■ **Stored data**:
<<<<

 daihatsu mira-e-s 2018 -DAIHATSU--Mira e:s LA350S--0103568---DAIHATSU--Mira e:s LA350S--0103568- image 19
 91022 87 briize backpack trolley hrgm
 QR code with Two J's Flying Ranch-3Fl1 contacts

>>>>
<<<<

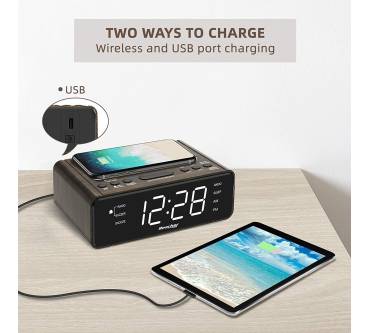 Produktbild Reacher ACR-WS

>>>>

■ **The task**:
Transcribe the records above exactly, beginning at the line that contains "daihatsu mira-e-s 2018" and ending with the line that contains "QR code with", both included, and nothing else.

■ **Answer**:
 daihatsu mira-e-s 2018 -DAIHATSU--Mira e:s LA350S--0103568---DAIHATSU--Mira e:s LA350S--0103568- image 19
 91022 87 briize backpack trolley hrgm
 QR code with Two J's Flying Ranch-3Fl1 contacts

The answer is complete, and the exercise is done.